▶ **What is required**
From the listing below, copy only the lines running from the line that contains "Vanstarry Compact Binoculars" to the line that contains "Sort de Planespotter", both included.

▶ **Given records**
══════
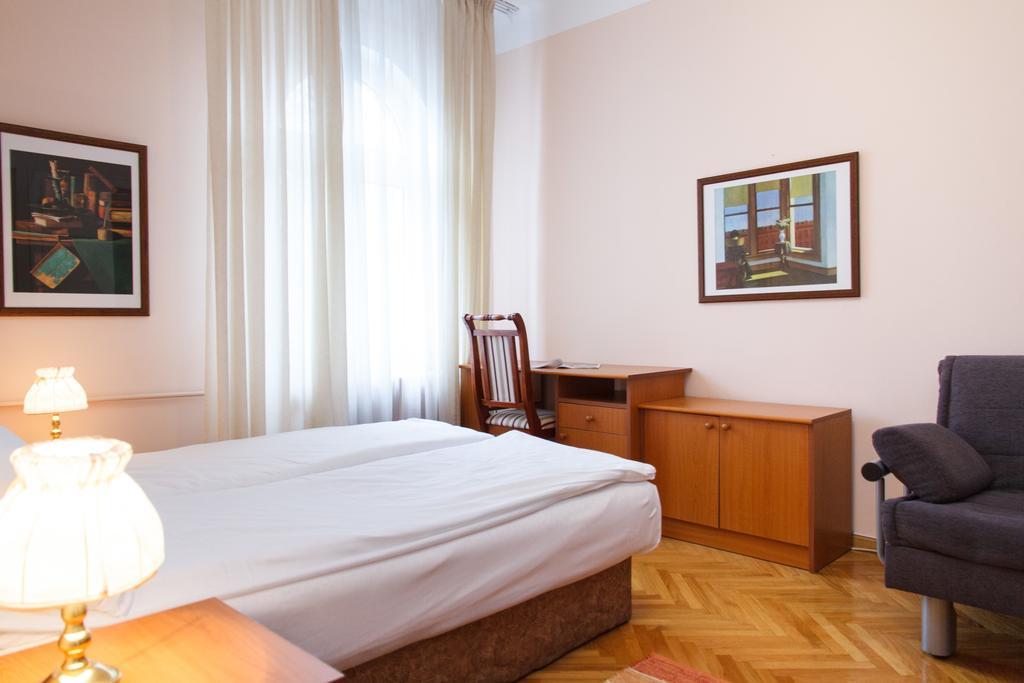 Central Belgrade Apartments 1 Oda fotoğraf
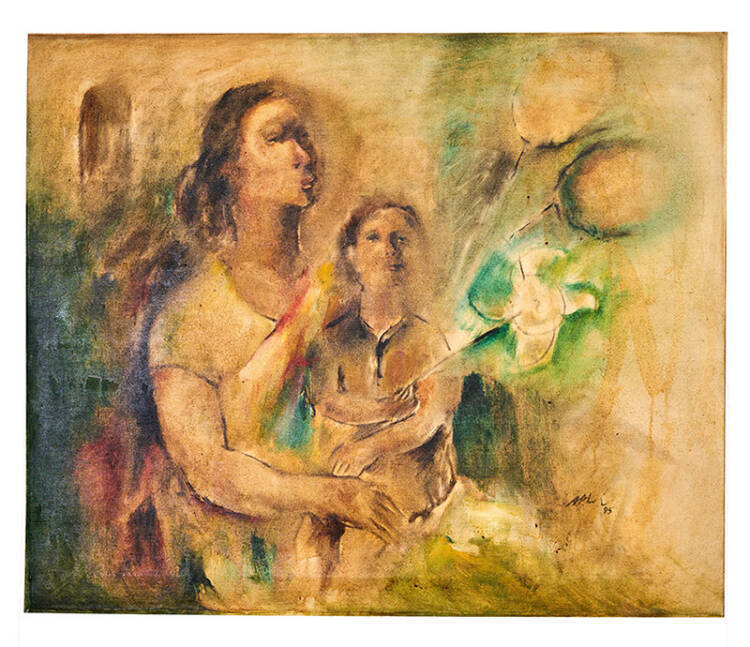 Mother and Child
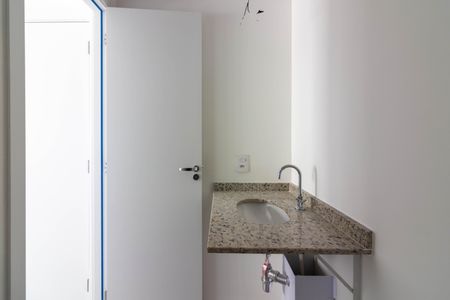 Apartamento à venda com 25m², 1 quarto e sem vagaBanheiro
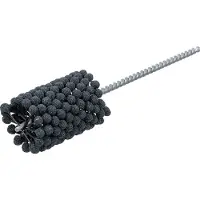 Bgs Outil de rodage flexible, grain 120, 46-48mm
══════
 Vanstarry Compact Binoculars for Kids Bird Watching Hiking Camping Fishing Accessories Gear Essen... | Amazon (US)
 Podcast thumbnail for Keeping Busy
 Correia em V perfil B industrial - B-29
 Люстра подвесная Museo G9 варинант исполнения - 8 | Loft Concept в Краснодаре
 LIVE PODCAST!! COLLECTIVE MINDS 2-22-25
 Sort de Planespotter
══════
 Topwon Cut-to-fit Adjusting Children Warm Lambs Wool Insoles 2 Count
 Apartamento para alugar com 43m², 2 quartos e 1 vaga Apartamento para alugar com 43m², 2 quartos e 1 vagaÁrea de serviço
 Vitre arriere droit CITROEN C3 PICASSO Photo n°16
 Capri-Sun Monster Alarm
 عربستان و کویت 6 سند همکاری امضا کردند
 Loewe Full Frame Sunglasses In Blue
══════
▶ **Result for this exercise**
 Vanstarry Compact Binoculars for Kids Bird Watching Hiking Camping Fishing Accessories Gear Essen... | Amazon (US)
 Podcast thumbnail for Keeping Busy
 Correia em V perfil B industrial - B-29
 Люстра подвесная Museo G9 варинант исполнения - 8 | Loft Concept в Краснодаре
 LIVE PODCAST!! COLLECTIVE MINDS 2-22-25
 Sort de Planespotter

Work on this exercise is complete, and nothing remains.